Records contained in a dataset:
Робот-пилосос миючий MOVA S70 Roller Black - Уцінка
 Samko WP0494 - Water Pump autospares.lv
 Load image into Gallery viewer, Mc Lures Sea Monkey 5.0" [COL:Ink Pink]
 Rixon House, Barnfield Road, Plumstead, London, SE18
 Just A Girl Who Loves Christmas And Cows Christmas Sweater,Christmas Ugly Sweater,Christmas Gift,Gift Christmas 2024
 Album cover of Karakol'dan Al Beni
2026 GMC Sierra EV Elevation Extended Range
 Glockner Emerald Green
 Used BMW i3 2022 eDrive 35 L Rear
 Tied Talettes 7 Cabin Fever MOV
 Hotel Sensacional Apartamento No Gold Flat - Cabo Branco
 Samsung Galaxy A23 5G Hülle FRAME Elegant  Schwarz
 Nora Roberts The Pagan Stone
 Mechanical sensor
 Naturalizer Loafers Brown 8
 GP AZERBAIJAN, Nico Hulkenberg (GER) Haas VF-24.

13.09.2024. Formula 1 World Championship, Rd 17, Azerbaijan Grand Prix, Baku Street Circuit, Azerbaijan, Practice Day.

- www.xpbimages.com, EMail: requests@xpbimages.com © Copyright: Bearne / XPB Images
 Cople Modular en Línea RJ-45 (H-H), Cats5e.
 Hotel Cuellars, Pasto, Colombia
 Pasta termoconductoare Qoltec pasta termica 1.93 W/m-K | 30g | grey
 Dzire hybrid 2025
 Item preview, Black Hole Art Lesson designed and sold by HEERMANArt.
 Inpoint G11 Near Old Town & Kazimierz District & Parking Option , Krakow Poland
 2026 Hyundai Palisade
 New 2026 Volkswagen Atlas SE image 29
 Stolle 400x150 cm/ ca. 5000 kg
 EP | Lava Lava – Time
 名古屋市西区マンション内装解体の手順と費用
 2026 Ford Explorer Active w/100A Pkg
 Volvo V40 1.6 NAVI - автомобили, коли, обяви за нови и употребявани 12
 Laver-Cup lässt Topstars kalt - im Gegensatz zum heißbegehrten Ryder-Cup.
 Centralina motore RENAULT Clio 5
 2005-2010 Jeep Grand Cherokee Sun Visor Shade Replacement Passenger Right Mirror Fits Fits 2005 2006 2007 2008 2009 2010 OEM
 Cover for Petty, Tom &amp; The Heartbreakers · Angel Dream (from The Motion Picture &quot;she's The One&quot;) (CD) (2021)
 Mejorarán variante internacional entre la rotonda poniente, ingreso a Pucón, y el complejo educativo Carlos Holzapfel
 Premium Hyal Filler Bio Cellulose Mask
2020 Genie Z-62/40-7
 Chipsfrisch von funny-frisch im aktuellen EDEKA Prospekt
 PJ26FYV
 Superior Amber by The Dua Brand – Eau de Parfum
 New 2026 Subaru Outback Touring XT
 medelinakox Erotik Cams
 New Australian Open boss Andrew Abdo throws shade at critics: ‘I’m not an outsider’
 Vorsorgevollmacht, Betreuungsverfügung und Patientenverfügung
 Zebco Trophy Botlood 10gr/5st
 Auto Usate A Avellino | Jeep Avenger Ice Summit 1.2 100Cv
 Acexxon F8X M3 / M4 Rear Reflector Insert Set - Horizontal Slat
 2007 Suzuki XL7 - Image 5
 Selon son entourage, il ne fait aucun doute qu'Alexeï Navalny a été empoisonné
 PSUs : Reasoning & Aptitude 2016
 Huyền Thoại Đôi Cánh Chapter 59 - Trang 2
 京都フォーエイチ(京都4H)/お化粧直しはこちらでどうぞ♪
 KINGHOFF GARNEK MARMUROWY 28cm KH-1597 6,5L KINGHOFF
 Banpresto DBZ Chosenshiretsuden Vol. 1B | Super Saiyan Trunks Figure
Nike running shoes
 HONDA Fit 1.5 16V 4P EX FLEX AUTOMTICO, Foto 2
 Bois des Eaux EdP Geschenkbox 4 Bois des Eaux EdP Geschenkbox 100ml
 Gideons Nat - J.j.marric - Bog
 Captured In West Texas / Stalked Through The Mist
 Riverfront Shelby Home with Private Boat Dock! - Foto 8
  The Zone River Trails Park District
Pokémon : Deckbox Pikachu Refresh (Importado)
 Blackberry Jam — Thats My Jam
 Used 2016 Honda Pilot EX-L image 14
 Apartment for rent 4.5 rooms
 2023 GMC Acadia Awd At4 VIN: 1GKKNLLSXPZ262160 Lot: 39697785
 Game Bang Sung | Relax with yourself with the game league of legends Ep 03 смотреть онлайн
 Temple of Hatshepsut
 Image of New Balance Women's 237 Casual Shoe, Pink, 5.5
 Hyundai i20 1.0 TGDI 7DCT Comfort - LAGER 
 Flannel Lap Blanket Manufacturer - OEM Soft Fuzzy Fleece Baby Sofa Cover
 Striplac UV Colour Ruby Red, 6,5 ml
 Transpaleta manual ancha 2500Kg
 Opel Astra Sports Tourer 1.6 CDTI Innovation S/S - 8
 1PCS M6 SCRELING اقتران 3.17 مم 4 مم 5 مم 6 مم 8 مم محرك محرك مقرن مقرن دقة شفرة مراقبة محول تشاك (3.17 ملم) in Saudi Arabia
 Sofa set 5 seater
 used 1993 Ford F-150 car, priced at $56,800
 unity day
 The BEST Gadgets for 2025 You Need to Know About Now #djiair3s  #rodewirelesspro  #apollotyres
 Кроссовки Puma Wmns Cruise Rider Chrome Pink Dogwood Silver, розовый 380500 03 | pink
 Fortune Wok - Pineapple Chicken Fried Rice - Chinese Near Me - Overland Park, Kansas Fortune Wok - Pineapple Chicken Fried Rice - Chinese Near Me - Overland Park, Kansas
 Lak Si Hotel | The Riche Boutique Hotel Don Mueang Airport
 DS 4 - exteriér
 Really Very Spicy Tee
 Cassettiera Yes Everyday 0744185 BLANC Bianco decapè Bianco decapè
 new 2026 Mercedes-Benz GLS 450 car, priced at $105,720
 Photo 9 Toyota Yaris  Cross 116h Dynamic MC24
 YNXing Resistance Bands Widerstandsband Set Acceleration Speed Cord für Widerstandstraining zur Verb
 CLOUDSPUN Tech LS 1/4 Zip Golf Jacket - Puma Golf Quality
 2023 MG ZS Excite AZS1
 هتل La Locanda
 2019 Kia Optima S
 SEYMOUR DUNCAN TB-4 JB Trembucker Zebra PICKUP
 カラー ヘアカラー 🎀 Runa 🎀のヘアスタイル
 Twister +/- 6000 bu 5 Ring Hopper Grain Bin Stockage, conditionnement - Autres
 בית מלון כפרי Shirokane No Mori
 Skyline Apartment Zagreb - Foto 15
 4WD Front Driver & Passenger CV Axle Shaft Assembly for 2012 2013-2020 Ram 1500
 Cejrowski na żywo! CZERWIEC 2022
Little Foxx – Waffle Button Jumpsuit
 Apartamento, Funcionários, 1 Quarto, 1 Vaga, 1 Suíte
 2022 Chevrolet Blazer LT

EXERCISE GOAL:
Please output the exact lines of the records above, beginning with the first and stopping after the line that holds "2026 GMC Sierra EV Elevation Extended Range", and nothing else.

PROBLEM SOLUTION:
Робот-пилосос миючий MOVA S70 Roller Black - Уцінка
 Samko WP0494 - Water Pump autospares.lv
 Load image into Gallery viewer, Mc Lures Sea Monkey 5.0" [COL:Ink Pink]
 Rixon House, Barnfield Road, Plumstead, London, SE18
 Just A Girl Who Loves Christmas And Cows Christmas Sweater,Christmas Ugly Sweater,Christmas Gift,Gift Christmas 2024
 Album cover of Karakol'dan Al Beni
2026 GMC Sierra EV Elevation Extended Range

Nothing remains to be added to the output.